Eat out on South Beach
I don’t mean take a picnic on the sand but visit the South Beach Bar and Grill which serves food at the edge of the beach close to Tenby town. Some might call it a beach bar but it is a lot more than that. At the Tenby end of the long stretch of sand known as South Beach is the modern wood, steel and glass bar serving great food, drinks and coffee with a view out across the waves and along the beach. Food can be eaten outside on the terrace or if the weather is inclement can be eaten inside with the same great views through the large picture windows.
Climb Castle Hill
It is worth the gentle climb to Castle Hill, though little remains of the castle itself. At the top, there are commanding views of the vast sweeping bays on either side and great views of the town. It is easy to see why it was an ideal site for a castle defending the town. Any approach by invaders from the sea would be spotted a long way off.
It is an ideal spot for a gentle stroll as there are several paths that circumnavigate the hill past gardens, the ruined castle ramparts, a few elderly cannons. There is also a bandstand where there are still recitals during the summer months with views out over the sea towards Canvey Island and its working monastery.
Visit the RNLI station
Below Castle Hill is Tenby Lifeboat Station, home to the Tamar Class all-weather lifeboat. There is a viewing gallery open daily for the public to look down on the boat, see an exhibition of the work of the Royal National Lifeboat Institute and the history of the Tenby Lifeboat in particular. There is also a small shop selling RNLI related souvenirs which help raise funds for the Service.
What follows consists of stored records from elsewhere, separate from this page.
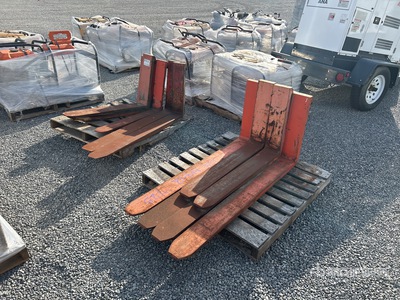 Quantity of (6) Fork Sets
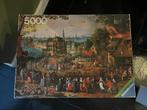 Puzzel 5000 stukjes, Ophalen of Verzenden, Meer dan 1500 stukjes, Gebruikt, Legpuzzel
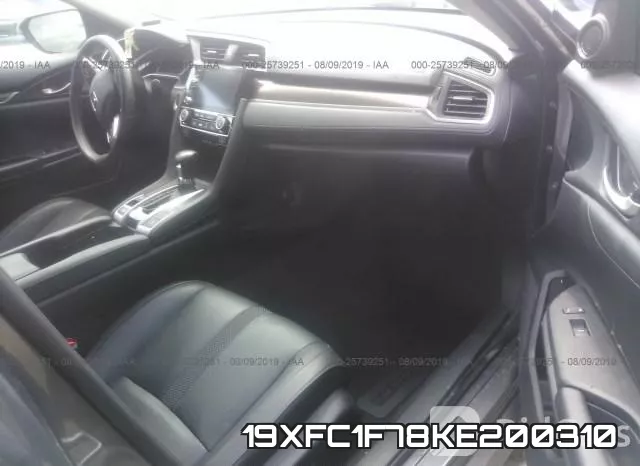 19XFC1F78KE200310 фото 5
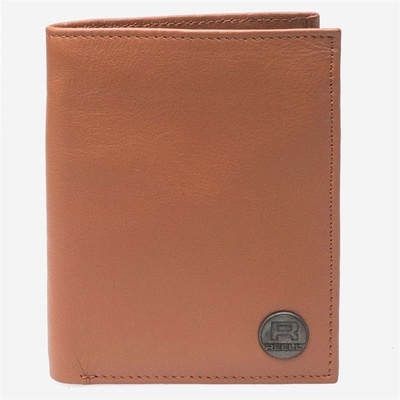 Reell peňaženka Clean Leather Cognac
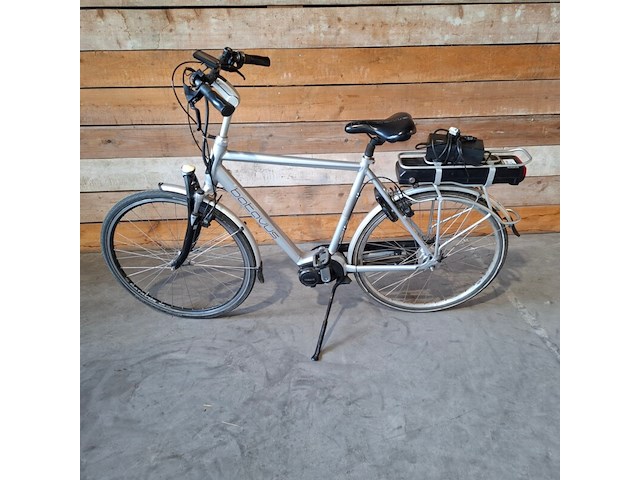 Elektrische fiets / e-bike, batavus, stream, grijs / chroom - afbeelding 12 van  29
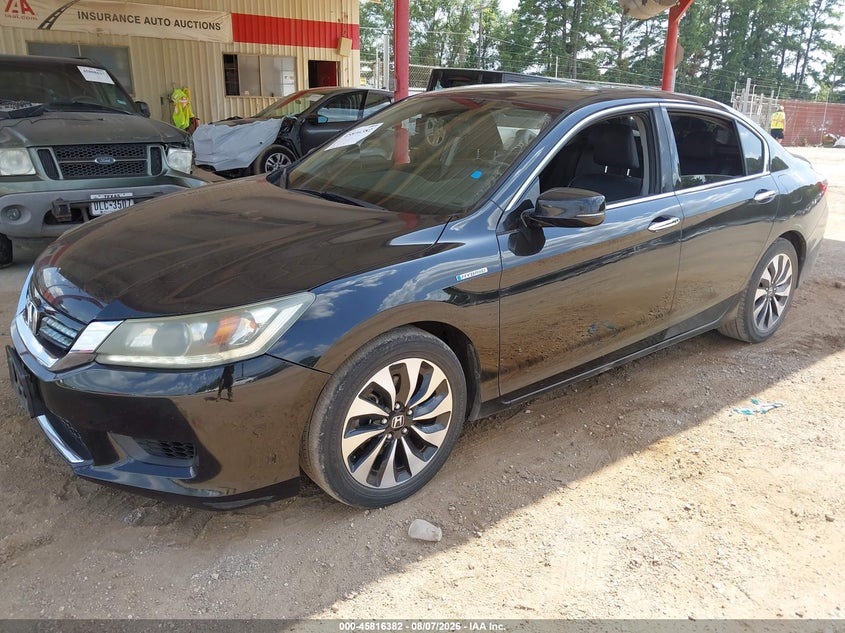 2015 HONDA ACCORD HYBRID auction photo 2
Weather permitting there are regular training launches. Of course, if there is a callout when you are visiting you can watch an unscheduled launch.
Visit Tenby Museum and Art Gallery
Tenby was once the third largest port in England, second only to London and Bristol. To learn such facts and plenty more visit Tenby Museum on the approach from the town to Castle Hill. It is only a small museum but it packs a lot in. From pre-history to the present day it documents the development of the town, its part in history and trade and of course the growth of the town as a holiday resort once the railway arrived. On the upper floor, you discover that the children’s author Roald Dahl holidayed in the town as a young lad.